Decided: May 18, 2020
Before GREGORY, Chief Judge, KEENAN and THACKER, Circuit Judges.
Lisa S. Costner, LISA S. COSTNER, P.A., Winston-Salem, North Carolina, for Appellant. Michael Francis Joseph, Assistant United States Attorney, OFFICE OF THE UNITED STATES ATTORNEY, Greensboro, North Carolina, for Appellee.
Anthony Mandrell Rogers appeals the district court’s decision to revoke supervised release and impose a 24-month sentence and one year of supervised release. Counsel has filed a brief pursuant to Anders v. California, 386 U.S. 738, 87 S.Ct. 1396, 18 L.Ed.2d 493 (1967), stating that there are no meritorious grounds for appeal. Although notified of his right to do so, Rogers has not filed a pro se supplemental brief. We affirm.
Counsel submits that the evidence supporting the district court’s decision to revoke Rogers’ supervised release was sufficient. Because Rogers did not challenge the revocation decision in the district court, our review is for plain error. United States v. Dennison, 925 F.3d 185, 190 (4th Cir. 2019) (providing standard). Our review of the record leads us to conclude that the preponderance of the evidence supports the district court’s decision, see 18 U.S.C. § 3583(e)(3) (2018), and that the court committed no plain error in revoking supervised release.

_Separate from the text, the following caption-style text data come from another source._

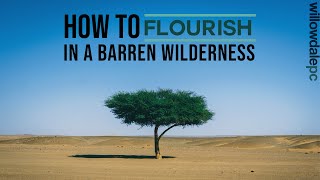 How to Flourish in a Barren Wilderness March 15th Sermon [upl. by Perkins]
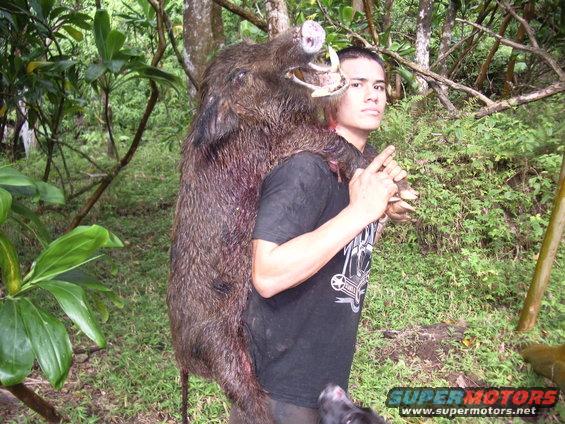 Man with a large wild boar draped over his shoulders in a forest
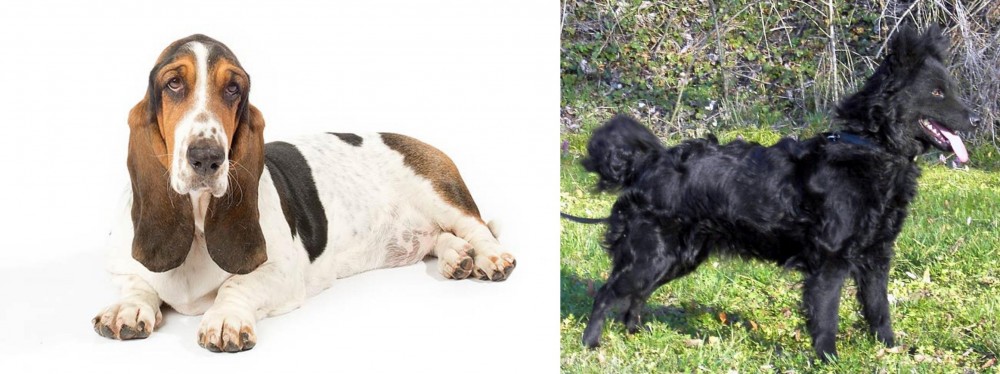 Mudi vs Basset Hound - Breed Comparison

Next, counsel recognizes that the terms of imprisonment and supervised release fall within the applicable statutory maximum and that the 24-month sentence is within the advisory policy statement sentencing range. “A district court has broad discretion when imposing a sentence upon revocation of supervised release.” United States v. Webb, 738 F.3d 638, 640 (4th Cir. 2013). “We will affirm a revocation sentence if it is within the statutory maximum and is not plainly unreasonable.” United States v. Slappy, 872 F.3d 202, 207 (4th Cir. 2017) (internal quotation marks omitted). “To consider whether a revocation sentence is plainly unreasonable, we first must determine whether the sentence is ․ unreasonable.” Id. Only if the sentence is procedurally or substantively unreasonable must we determine whether it is plainly so. Id. at 208; United States v. Moulden, 478 F.3d 652, 656-57 (4th Cir. 2007). Our review of the sentence imposed by the district court reveals no procedural or substantive error.
In accordance with Anders, we have reviewed the entire record in this case and have found no meritorious grounds for appeal. We therefore affirm the district court’s revocation judgment. This court requires that counsel inform Rogers, in writing, of the right to petition the Supreme Court of the United States for further review. If Rogers requests that counsel file such a petition, but counsel believes that such a petition would be frivolous, then counsel may move in this court for leave to withdraw from representation. Counsel’s motion must state that she served a copy thereof on Rogers.
We dispense with oral argument because the facts and legal contentions are adequately presented in the materials before this court and argument would not aid the decisional process.
Affirmed by unpublished per curiam opinion.
Unpublished opinions are not binding precedent in this circuit.